Outside of the terminal windows I could see a light drizzle falling from the sky, and apparently that light drizzle was just the front line of a string of storms coming in from CPT. My flight posted a one hour delay, which elicited a round of groans from passengers. After about 40 minutes we were notified that our flight was now boarding, though no one at our gate had opened the door to the jet bridge or started announcing a boarding order. Everyone stood around for a minute just shaking their heads in confusion before one of the staff members got back on the PA and told us that our flight was now boarding .... from the gate three doors down.
Cue the mad dash of people scrambling to pick up their bags and run down the hallway to get onto the plane.
Having checked my bigger luggage I managed to be one of the first people to arrive at the correct gate and on to the plane.
Unfortunately I wasn't able to secure many pictures during this flight as the delay caused what was already a full flight to go into a bit of chaos.
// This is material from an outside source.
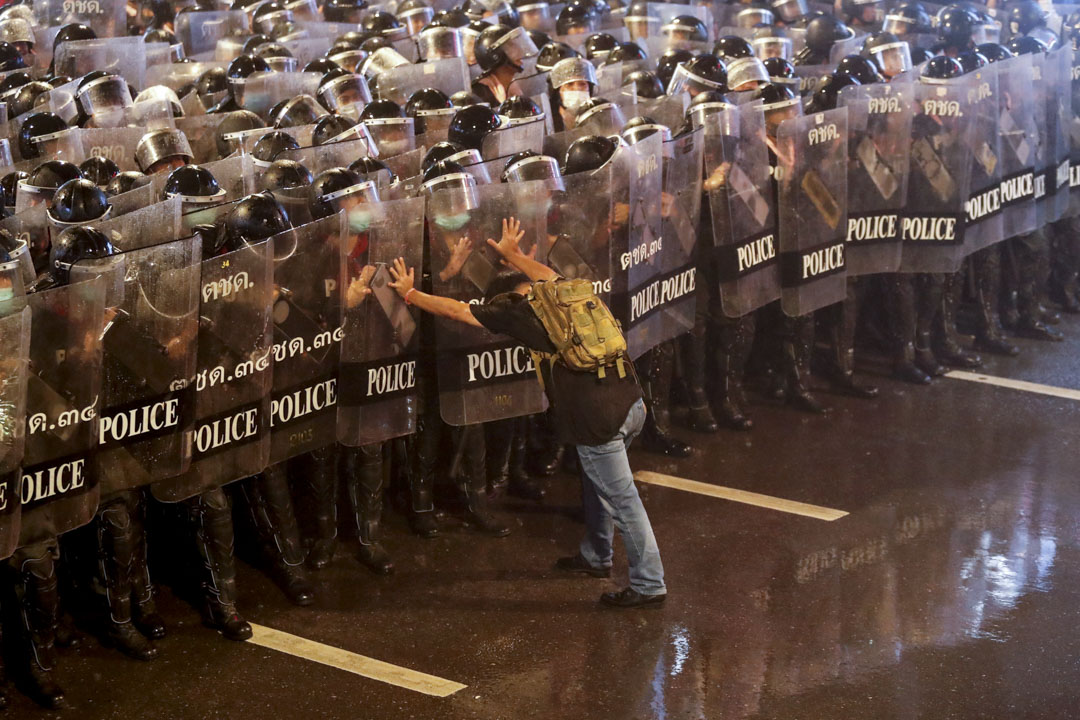 2020年10月16日泰國曼谷，一名男子在反政府抗議活動中向警察推撞。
I figured it was best to snap a few photos and sit my ass down so we could pull of the stand and get going, particularly when the flight attendants got on the PA and told us that if we didn't get going soon we might be held again due to the approaching weather.
The aircraft itself seemed a bit ratty and beat up, but certainly kept clean and in working order. The seats were comfortable as they featured full cushioning that had been lovingly worn in by thousands of asses, great and small, prior to the arrival of mine. The slim line seats that are proliferating across the world are hard to deal with, though in the grand scheme of things we will all survive. It's one of the perks of hopping onto an aircraft and seeing it's a bit "vintage" though.
Soon enough my seatmates had arrived and I was able to get a full feel for the seat now that I didn't have the ample room to spread out. The leg room felt a bit tighter to me than I've experienced on other airlines. I'm 5'8" so I'm never bumping my knees into seatbacks, but I had to noticeably pull my legs in a bit compared to other short haul configured aircraft I've flown.
In terms of lateral space (which is the most important aspect of a seat for me since I'm what traditional is called "husky" I believe...), I also felt a bit closed in. Not "taking a 14 hour flight seated next to a 600 lb man" closed in, more of a "sitting on the subway with five people in a space that's really more of a four and a half person venue" kinda way. The guy seated in the middle seat next to me was pretty skinny and while I'm not the thinnest guy on the block, I still fit comfortably into an economy class seat without creeping under the arm rest or needing a seat belt extender. Even so, we ended up doing the "arm rest two step" for the entire 2 hour flight. It was particularly awkward at times when he decided to bring out his laptop and try to get some work done, gesticulating his arm back and forth in our limited space for quite awhile. At times I wasn't sure if he was typing on his key board of hitting on me by typing out "wanna bang" on my elbow in morse code.
Once we were in the air the flight attendants made their way down the aisle offering a beverage and meal service. Even though this was a domestic flight it appears South African hasn't done away with meal service offerings like its US-based cousins. I was in the second to last row of the cabin so by the time they reached me there was only one option left for dining tonight - a lasagna.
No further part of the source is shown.